Landlocked as it is there is no coast or direct access to the sea but its connection to the Paraná river system means the even large ocean going vessels can reach Asunción which sits 1000km from the sea and is considered a deep water port.
The frontiers on the whole follow natural features with the rivers Paraná and Paraguay hemming it in from the east and west before joining together at the south east corner of the country where after joining they flow onto Argentina and the River Plate. Only in the north was any human creativity required to draw a border. There it runs across the sparsly populated and once disputed Chaco Desert.
The effect of these large rivers and the thorn bush scrub of the Chaco has been to develop in Paraguay a sense of isolation and seperation from all that surrounds it.
The land is on the whole flat lowlands that extend for miles in every direction and which are broken only by the occasional hill. This flat land gives rise to many swamps and slow moving rivers and is on the whole despite the distance from the sea is not far above sea level.
There are a few ranges of hills, across the center of the country and on the Brazilian border but these are on the whole not high. Where I live in Piribebuy is in the county or department named Cordillera for the high land within it.
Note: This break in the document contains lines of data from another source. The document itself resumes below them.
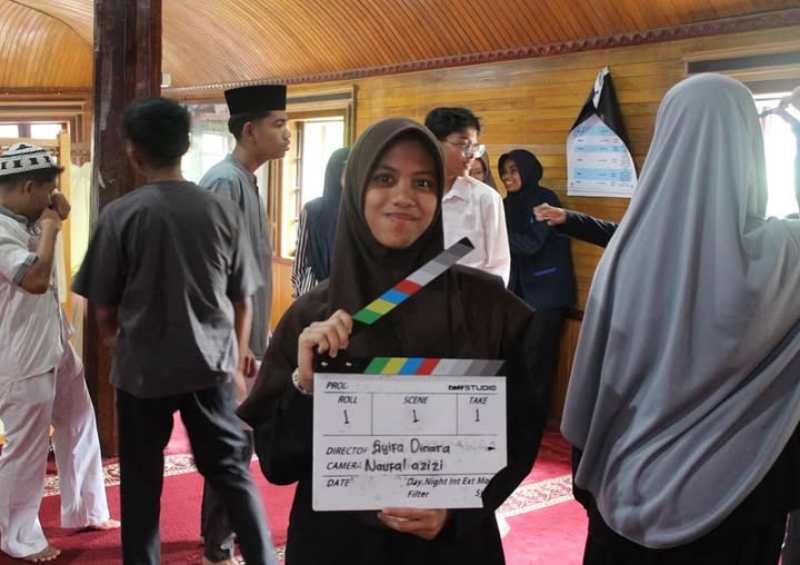 Santri Pesantren Kauman Padang Panjang saat proses produksi film “Deadline” di Masjid Asasi Sigando.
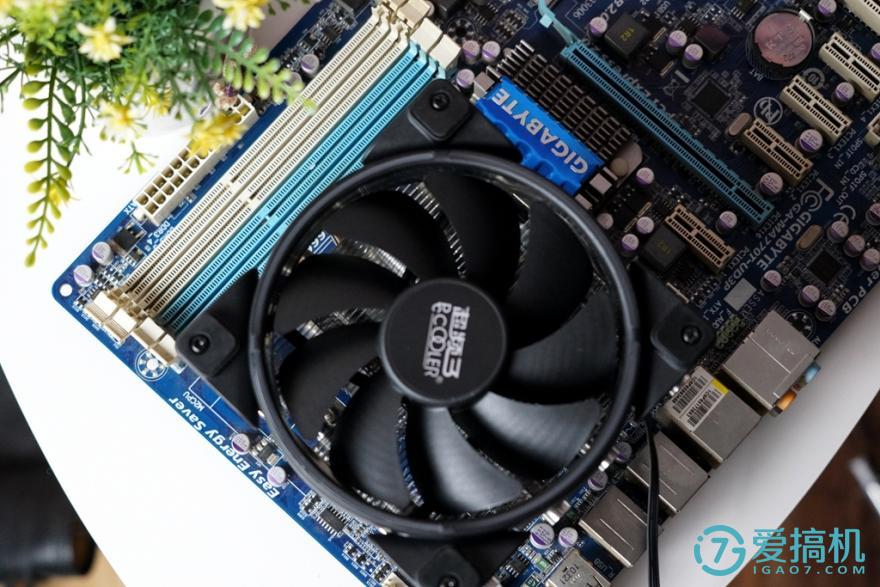 超频三下压式散热器测试,散热效果好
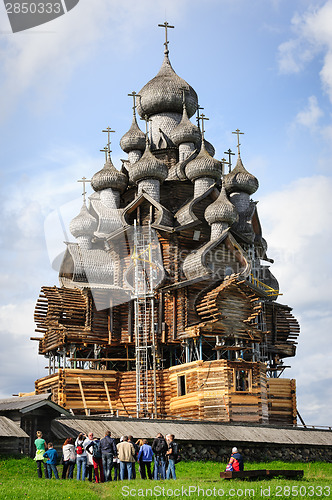 Image of Excurtion group looking at wooden church at Kizhi under reconstr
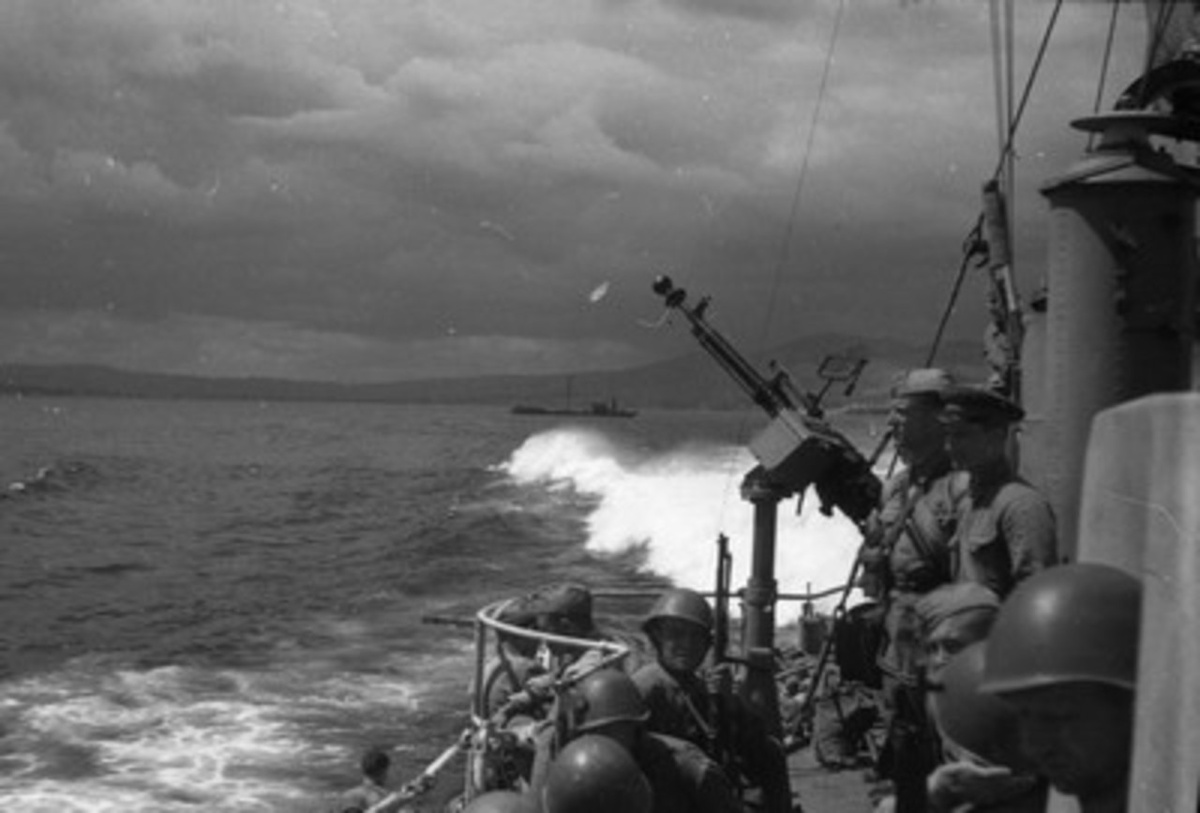 Красноармейцы на лидере эсминцев «Ташкент» идут на помощь осажденному Севастополю. 1942. Музей-заповедник героической обороны и освобождения Севастополя.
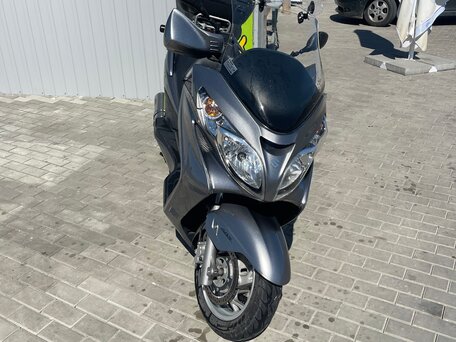 2009 Suzuki Burgman (SkyWave) 400, серый, 400000 рублей, вид 4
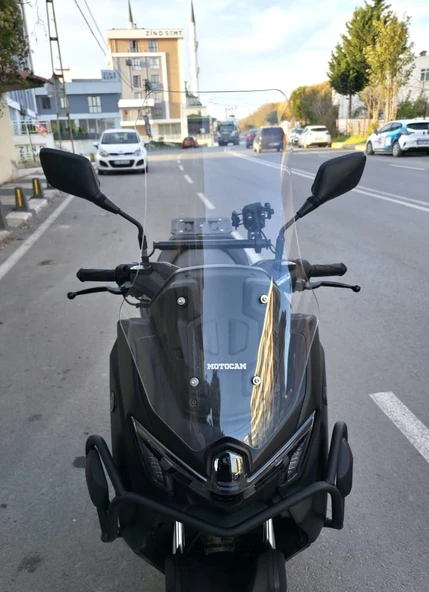 MOTOCAM Yamaha Nmax Ön Cam 2025-2026 Model 72cm Şeffaf Renkli 4mm ürün görseli 1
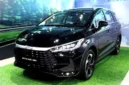 Pajak Tahunan BYD M6 DM-i. Medcom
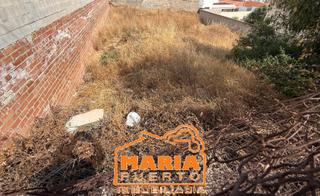 Terreno residenziale in Fuente Alegre - El Chaparral - Los Morales. Parcela en el puerto de la torre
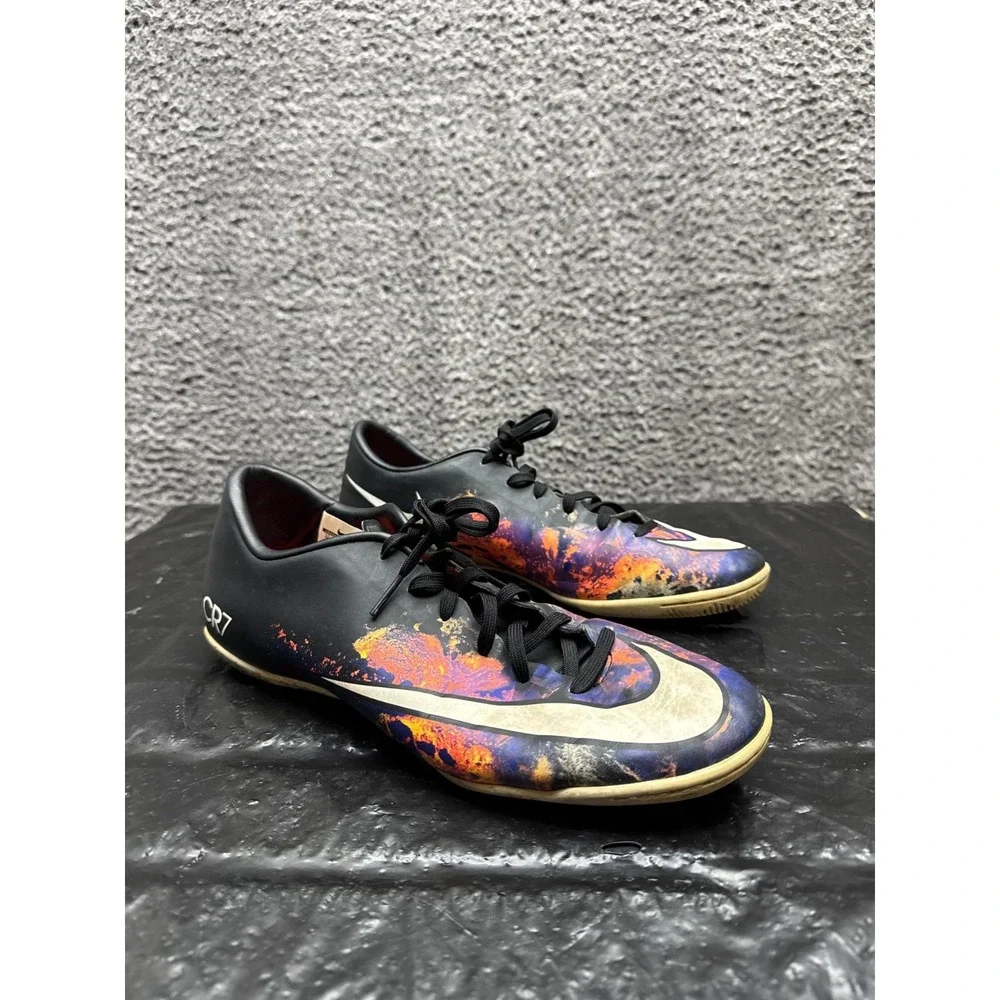 Nike Mercurial Victory V CR7 Indoor Soccer Shoes Savage 684875-018 Size 10.5 US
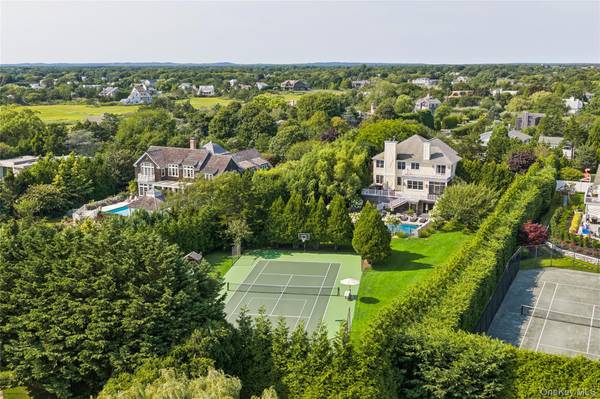 7 Stillwaters LN, Westhampton Beach, NY 11978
Although this is far from mountainous not rising to much more than 300 metres above sea level.
The land when looked at on a map appears as a lopsided figure of eight with the western section covering the Chaco and thinly populated and the east the wetter more habitable portion of the land.
Unsurprisingly most of the population lives in the east which is also divided into 14 of the 17 departments that make up Paraguay.
Later I will try and describe each of those departments but for now will end this general overview of the physical features of the land.